# WHAT YOU NEED TO DO:
The whole listing below should be printed again exactly, with no images.
BEGIN RECORDS
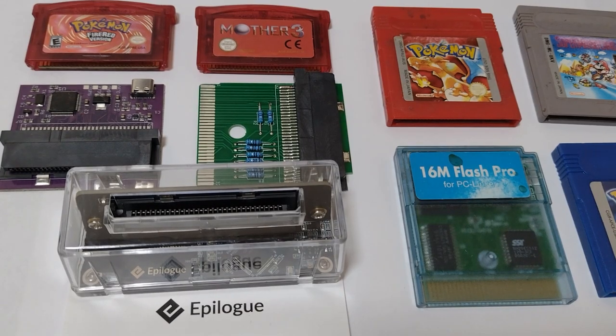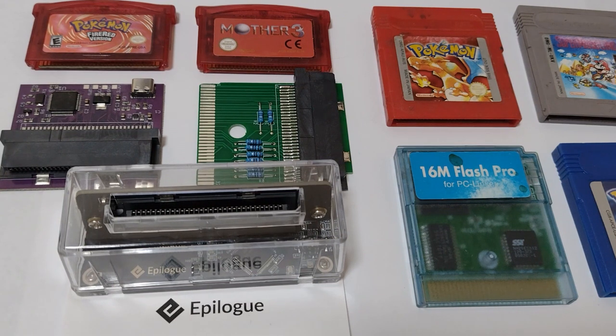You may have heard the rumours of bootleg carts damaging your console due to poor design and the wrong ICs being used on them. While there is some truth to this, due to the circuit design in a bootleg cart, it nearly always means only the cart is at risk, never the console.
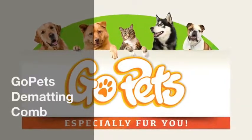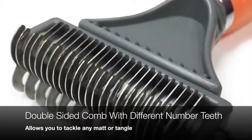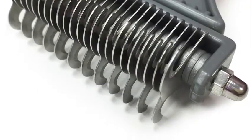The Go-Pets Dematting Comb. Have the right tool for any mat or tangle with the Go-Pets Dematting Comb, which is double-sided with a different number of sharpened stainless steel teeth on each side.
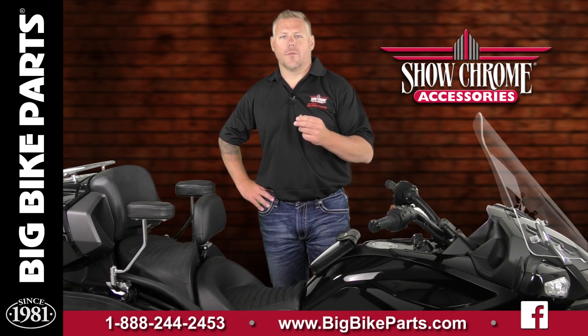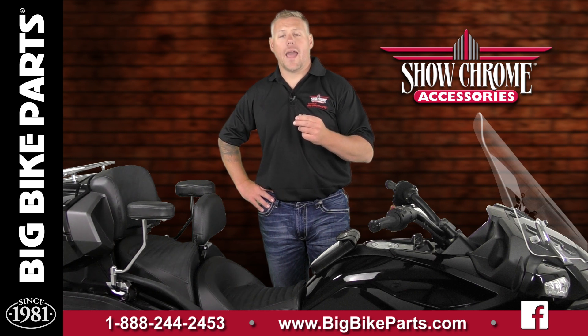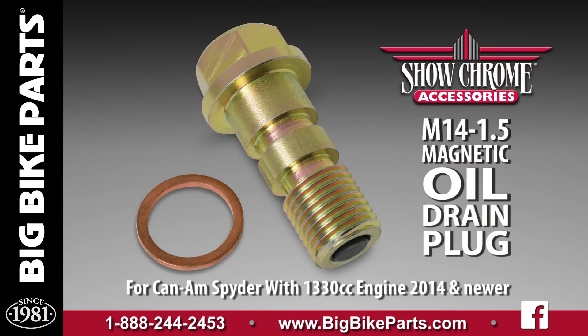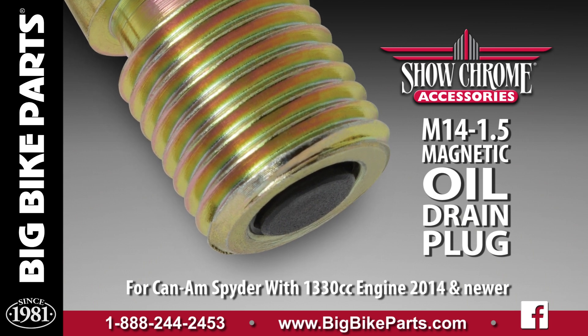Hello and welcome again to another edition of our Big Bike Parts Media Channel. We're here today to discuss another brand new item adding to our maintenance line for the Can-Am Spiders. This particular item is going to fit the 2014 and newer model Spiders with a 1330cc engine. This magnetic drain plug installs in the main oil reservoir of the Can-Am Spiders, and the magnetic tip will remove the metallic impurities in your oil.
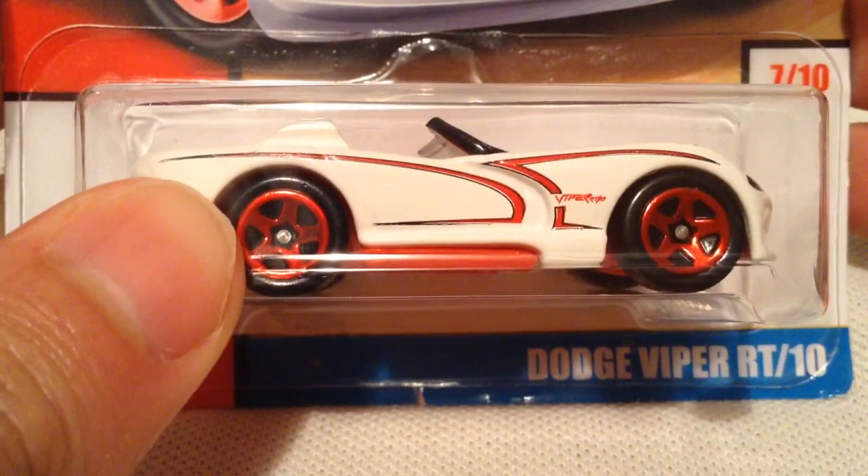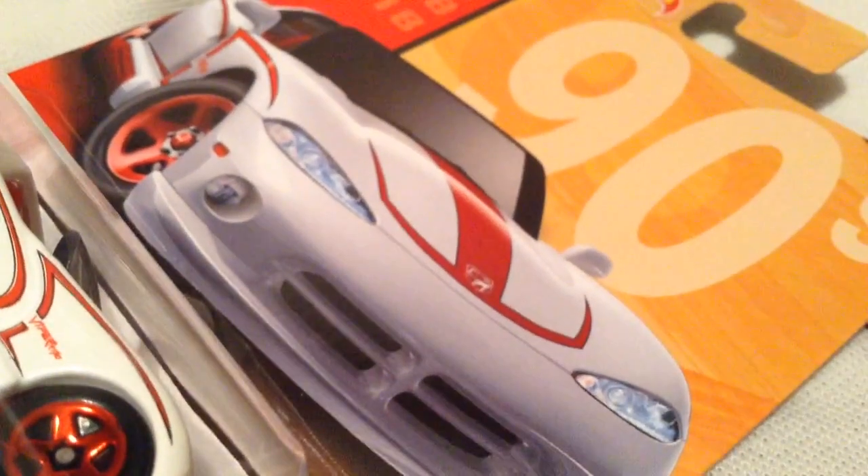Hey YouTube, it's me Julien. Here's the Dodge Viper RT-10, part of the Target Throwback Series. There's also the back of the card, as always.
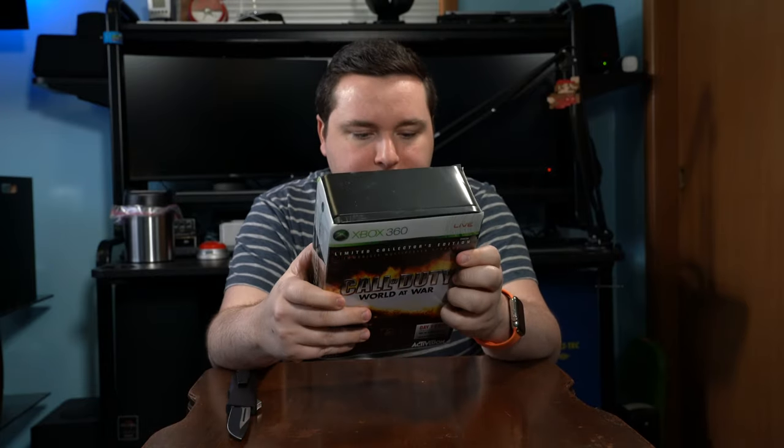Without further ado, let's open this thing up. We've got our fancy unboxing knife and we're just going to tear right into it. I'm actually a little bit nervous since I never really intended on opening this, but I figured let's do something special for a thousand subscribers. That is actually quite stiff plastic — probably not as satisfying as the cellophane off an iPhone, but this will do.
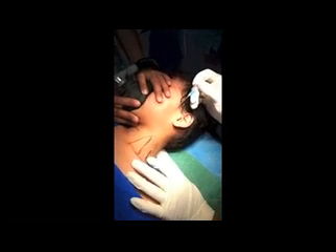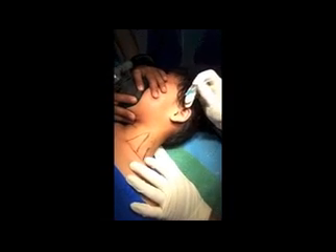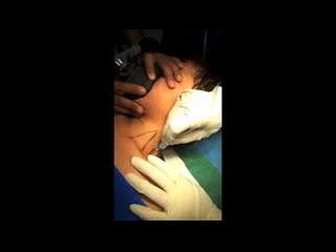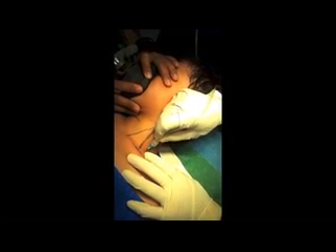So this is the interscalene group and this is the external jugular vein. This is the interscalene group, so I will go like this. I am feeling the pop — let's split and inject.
END RECORDS
# SOLUTION FOR THIS PROBLEM:
You may have heard the rumours of bootleg carts damaging your console due to poor design and the wrong ICs being used on them. While there is some truth to this, due to the circuit design in a bootleg cart, it nearly always means only the cart is at risk, never the console.
The Go-Pets Dematting Comb. Have the right tool for any mat or tangle with the Go-Pets Dematting Comb, which is double-sided with a different number of sharpened stainless steel teeth on each side.
Hello and welcome again to another edition of our Big Bike Parts Media Channel. We're here today to discuss another brand new item adding to our maintenance line for the Can-Am Spiders. This particular item is going to fit the 2014 and newer model Spiders with a 1330cc engine. This magnetic drain plug installs in the main oil reservoir of the Can-Am Spiders, and the magnetic tip will remove the metallic impurities in your oil.
Hey YouTube, it's me Julien. Here's the Dodge Viper RT-10, part of the Target Throwback Series. There's also the back of the card, as always.
Without further ado, let's open this thing up. We've got our fancy unboxing knife and we're just going to tear right into it. I'm actually a little bit nervous since I never really intended on opening this, but I figured let's do something special for a thousand subscribers. That is actually quite stiff plastic — probably not as satisfying as the cellophane off an iPhone, but this will do.
So this is the interscalene group and this is the external jugular vein. This is the interscalene group, so I will go like this. I am feeling the pop — let's split and inject.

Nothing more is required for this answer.